[Assignment]: What is needed here is an exact copy of every record below.

Dataset: Begin

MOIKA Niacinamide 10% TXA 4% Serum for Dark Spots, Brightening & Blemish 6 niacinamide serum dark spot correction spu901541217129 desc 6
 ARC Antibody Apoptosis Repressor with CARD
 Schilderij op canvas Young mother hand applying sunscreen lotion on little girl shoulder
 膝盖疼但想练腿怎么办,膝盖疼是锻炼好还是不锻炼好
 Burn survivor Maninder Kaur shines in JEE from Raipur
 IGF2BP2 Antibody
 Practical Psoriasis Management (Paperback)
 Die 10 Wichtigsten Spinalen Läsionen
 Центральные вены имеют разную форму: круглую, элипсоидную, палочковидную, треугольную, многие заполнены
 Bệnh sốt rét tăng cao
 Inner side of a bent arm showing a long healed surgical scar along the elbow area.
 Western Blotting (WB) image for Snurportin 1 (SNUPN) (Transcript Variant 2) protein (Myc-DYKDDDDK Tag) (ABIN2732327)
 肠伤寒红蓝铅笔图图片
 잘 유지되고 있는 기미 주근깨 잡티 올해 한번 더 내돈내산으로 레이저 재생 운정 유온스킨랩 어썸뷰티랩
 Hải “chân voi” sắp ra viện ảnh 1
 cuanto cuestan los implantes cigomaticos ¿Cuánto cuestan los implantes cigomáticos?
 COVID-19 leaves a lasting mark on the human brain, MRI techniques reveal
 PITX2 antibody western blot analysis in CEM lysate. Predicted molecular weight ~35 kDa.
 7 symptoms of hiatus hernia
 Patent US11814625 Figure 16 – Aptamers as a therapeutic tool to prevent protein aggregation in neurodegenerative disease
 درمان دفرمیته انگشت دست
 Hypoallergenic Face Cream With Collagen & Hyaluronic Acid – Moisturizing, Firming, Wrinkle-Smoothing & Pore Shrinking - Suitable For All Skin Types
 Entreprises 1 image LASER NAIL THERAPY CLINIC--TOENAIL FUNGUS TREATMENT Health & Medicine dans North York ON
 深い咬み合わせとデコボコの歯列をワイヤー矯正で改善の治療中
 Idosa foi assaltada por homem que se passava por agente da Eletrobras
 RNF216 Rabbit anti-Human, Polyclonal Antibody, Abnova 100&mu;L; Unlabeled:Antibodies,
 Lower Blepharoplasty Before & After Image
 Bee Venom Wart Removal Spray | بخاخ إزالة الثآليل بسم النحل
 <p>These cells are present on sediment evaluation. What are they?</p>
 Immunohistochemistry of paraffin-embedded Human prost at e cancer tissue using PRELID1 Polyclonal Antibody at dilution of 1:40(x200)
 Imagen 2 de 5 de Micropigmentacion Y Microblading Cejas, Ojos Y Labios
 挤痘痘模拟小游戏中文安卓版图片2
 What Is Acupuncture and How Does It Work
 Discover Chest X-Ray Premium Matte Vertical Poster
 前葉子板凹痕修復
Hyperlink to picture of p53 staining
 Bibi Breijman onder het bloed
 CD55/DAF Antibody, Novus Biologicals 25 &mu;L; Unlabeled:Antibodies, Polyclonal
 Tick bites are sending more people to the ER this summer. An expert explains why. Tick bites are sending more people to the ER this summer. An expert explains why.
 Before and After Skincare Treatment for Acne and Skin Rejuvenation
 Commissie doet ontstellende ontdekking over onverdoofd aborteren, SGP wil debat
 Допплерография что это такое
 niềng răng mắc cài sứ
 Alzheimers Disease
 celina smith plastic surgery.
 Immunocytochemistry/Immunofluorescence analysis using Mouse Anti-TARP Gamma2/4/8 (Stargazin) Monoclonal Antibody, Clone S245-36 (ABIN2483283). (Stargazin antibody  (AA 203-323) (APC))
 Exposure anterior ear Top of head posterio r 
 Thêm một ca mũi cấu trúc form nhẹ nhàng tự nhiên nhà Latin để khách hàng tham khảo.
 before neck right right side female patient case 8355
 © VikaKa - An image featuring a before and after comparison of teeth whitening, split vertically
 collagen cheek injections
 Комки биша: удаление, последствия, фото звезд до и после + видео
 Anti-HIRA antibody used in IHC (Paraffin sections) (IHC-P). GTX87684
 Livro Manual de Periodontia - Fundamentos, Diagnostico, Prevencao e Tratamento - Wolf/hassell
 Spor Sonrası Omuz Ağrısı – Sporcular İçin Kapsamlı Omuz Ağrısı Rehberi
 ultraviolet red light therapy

Dataset: End

[Solution to this problem]:
MOIKA Niacinamide 10% TXA 4% Serum for Dark Spots, Brightening & Blemish 6 niacinamide serum dark spot correction spu901541217129 desc 6
 ARC Antibody Apoptosis Repressor with CARD
 Schilderij op canvas Young mother hand applying sunscreen lotion on little girl shoulder
 膝盖疼但想练腿怎么办,膝盖疼是锻炼好还是不锻炼好
 Burn survivor Maninder Kaur shines in JEE from Raipur
 IGF2BP2 Antibody
 Practical Psoriasis Management (Paperback)
 Die 10 Wichtigsten Spinalen Läsionen
 Центральные вены имеют разную форму: круглую, элипсоидную, палочковидную, треугольную, многие заполнены
 Bệnh sốt rét tăng cao
 Inner side of a bent arm showing a long healed surgical scar along the elbow area.
 Western Blotting (WB) image for Snurportin 1 (SNUPN) (Transcript Variant 2) protein (Myc-DYKDDDDK Tag) (ABIN2732327)
 肠伤寒红蓝铅笔图图片
 잘 유지되고 있는 기미 주근깨 잡티 올해 한번 더 내돈내산으로 레이저 재생 운정 유온스킨랩 어썸뷰티랩
 Hải “chân voi” sắp ra viện ảnh 1
 cuanto cuestan los implantes cigomaticos ¿Cuánto cuestan los implantes cigomáticos?
 COVID-19 leaves a lasting mark on the human brain, MRI techniques reveal
 PITX2 antibody western blot analysis in CEM lysate. Predicted molecular weight ~35 kDa.
 7 symptoms of hiatus hernia
 Patent US11814625 Figure 16 – Aptamers as a therapeutic tool to prevent protein aggregation in neurodegenerative disease
 درمان دفرمیته انگشت دست
 Hypoallergenic Face Cream With Collagen & Hyaluronic Acid – Moisturizing, Firming, Wrinkle-Smoothing & Pore Shrinking - Suitable For All Skin Types
 Entreprises 1 image LASER NAIL THERAPY CLINIC--TOENAIL FUNGUS TREATMENT Health & Medicine dans North York ON
 深い咬み合わせとデコボコの歯列をワイヤー矯正で改善の治療中
 Idosa foi assaltada por homem que se passava por agente da Eletrobras
 RNF216 Rabbit anti-Human, Polyclonal Antibody, Abnova 100&mu;L; Unlabeled:Antibodies,
 Lower Blepharoplasty Before & After Image
 Bee Venom Wart Removal Spray | بخاخ إزالة الثآليل بسم النحل
 <p>These cells are present on sediment evaluation. What are they?</p>
 Immunohistochemistry of paraffin-embedded Human prost at e cancer tissue using PRELID1 Polyclonal Antibody at dilution of 1:40(x200)
 Imagen 2 de 5 de Micropigmentacion Y Microblading Cejas, Ojos Y Labios
 挤痘痘模拟小游戏中文安卓版图片2
 What Is Acupuncture and How Does It Work
 Discover Chest X-Ray Premium Matte Vertical Poster
 前葉子板凹痕修復
Hyperlink to picture of p53 staining
 Bibi Breijman onder het bloed
 CD55/DAF Antibody, Novus Biologicals 25 &mu;L; Unlabeled:Antibodies, Polyclonal
 Tick bites are sending more people to the ER this summer. An expert explains why. Tick bites are sending more people to the ER this summer. An expert explains why.
 Before and After Skincare Treatment for Acne and Skin Rejuvenation
 Commissie doet ontstellende ontdekking over onverdoofd aborteren, SGP wil debat
 Допплерография что это такое
 niềng răng mắc cài sứ
 Alzheimers Disease
 celina smith plastic surgery.
 Immunocytochemistry/Immunofluorescence analysis using Mouse Anti-TARP Gamma2/4/8 (Stargazin) Monoclonal Antibody, Clone S245-36 (ABIN2483283). (Stargazin antibody  (AA 203-323) (APC))
 Exposure anterior ear Top of head posterio r 
 Thêm một ca mũi cấu trúc form nhẹ nhàng tự nhiên nhà Latin để khách hàng tham khảo.
 before neck right right side female patient case 8355
 © VikaKa - An image featuring a before and after comparison of teeth whitening, split vertically
 collagen cheek injections
 Комки биша: удаление, последствия, фото звезд до и после + видео
 Anti-HIRA antibody used in IHC (Paraffin sections) (IHC-P). GTX87684
 Livro Manual de Periodontia - Fundamentos, Diagnostico, Prevencao e Tratamento - Wolf/hassell
 Spor Sonrası Omuz Ağrısı – Sporcular İçin Kapsamlı Omuz Ağrısı Rehberi
 ultraviolet red light therapy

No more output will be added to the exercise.